Friday, October 24, 2014

bequests to the Republic

{Excerpts from The New Yorker article on Ben Bradlee, written by David Remnick, Oct. 21, 2014}
[text by Remnick; photographs added by this blog]

Benjamin Crowninshield Bradlee, the most charismatic and consequential newspaper editor of postwar America, died at the age of ninety-three on Tuesday.  Among his many bequests to the Republic was a catalogue of swaggering anecdotes rich enough to float a week of testimonial dinners.  Bradlee stories almost always relate to his glittering surface qualities, which combined the Brahmin and the profane.

...With his gray hair slicked back, his eyes actually twinkling...he had the self-confident carriage of an emperor.  His domain was the Post newsroom...

...The obituaries will properly give Bradlee credit for building, along with the owner, Katharine Graham, the institution of the Post....

Together, Bradlee and Graham took a mediocre-to-good paper and turned it into something ambitious, wealthy, and brave. 

The Bradlee-Graham partnership was behind the publication (along with the N.Y. Times) of the Pentagon Papers, in 1971, which made plain the extent of Presidential deception and folly during the Vietnam War. 

And they were behind Bob Woodward and Carl Bernstein's Watergate reporting....

...As a reporter, even if you were quite sure he didn't know your name, you were prepared to go to fantastic lengths to live up to his standards.  And he was fun, the embodiment of how much fun journalism could be.  Ben Bradlee was the least dull figure in the history of postwar journalism.

Younger people watching the actor Jason Robards' portrayal of Bradlee in All The President's Men can be forgiven for thinking it is a broad caricature, an exaggeration of his cement-mixer voice, his cocky ebullience, his ferocious instinct for a political story, and his astonishing support for his reporters.  In fact, Robards underplayed Bradlee....

The most overstated notion about Bradlee was the idea that he was an ideological man.  This was a cartoon.  Because of the Pentagon Papers and Watergate, he and Katharine Graham were often imagined to be ferociously committed liberals. 

They were, in fact, committed to the First Amendment, committed to publishing; they made their names by building an institution strong enough to be daring.

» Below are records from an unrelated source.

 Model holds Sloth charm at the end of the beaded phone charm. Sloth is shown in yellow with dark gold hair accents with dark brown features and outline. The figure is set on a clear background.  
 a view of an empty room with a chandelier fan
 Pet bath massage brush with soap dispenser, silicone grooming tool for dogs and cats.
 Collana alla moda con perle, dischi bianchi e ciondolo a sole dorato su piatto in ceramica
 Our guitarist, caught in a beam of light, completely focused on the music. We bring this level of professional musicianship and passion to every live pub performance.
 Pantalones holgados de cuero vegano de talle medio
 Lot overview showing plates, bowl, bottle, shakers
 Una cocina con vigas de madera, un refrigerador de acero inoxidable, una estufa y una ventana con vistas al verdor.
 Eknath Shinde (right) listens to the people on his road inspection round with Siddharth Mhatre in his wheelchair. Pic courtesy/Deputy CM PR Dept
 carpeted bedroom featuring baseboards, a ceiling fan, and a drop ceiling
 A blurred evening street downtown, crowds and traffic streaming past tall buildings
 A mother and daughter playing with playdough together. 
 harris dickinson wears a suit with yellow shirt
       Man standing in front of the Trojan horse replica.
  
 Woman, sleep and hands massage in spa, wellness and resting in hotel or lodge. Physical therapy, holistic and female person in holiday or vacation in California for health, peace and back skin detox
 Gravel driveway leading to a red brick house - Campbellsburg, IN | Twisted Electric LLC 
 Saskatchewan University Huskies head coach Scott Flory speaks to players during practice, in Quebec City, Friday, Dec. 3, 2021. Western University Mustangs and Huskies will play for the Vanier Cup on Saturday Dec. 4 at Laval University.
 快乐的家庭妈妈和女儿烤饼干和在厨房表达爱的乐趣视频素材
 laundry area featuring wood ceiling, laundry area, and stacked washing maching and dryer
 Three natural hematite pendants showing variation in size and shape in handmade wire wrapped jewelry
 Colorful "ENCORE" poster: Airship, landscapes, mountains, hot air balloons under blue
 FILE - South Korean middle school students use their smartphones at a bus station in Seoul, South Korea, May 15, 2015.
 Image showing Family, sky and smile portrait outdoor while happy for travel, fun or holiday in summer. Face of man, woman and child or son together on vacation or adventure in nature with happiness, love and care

...When, in conversation or in his memoirs, he did talk about his political ideas, they did not run very deep.  As a former soldier, he was ambivalent about the anti-Vietnam War movement.  After a trip to Vietnam in 1971, he "ended up feeling uncommitted politically as usual," he once said.

"By instinct and habit, I was more interested in the whatness of the war rather than in the rightness or wrongness," he wrote in his 1995 memoir, A Good Life.

...Bradlee was, above all, a driven newspaperman, a man of his time and of his institution, and more alive than a major weather system. 

He was a man of great principle and of great luck, blessed in the ownership that supported him...He might not have been professorial but he was a great teacher. 

Even after Bradlee was on the back nine of his career, he was capable, with a word or a gesture, of pushing a reporter toward better work.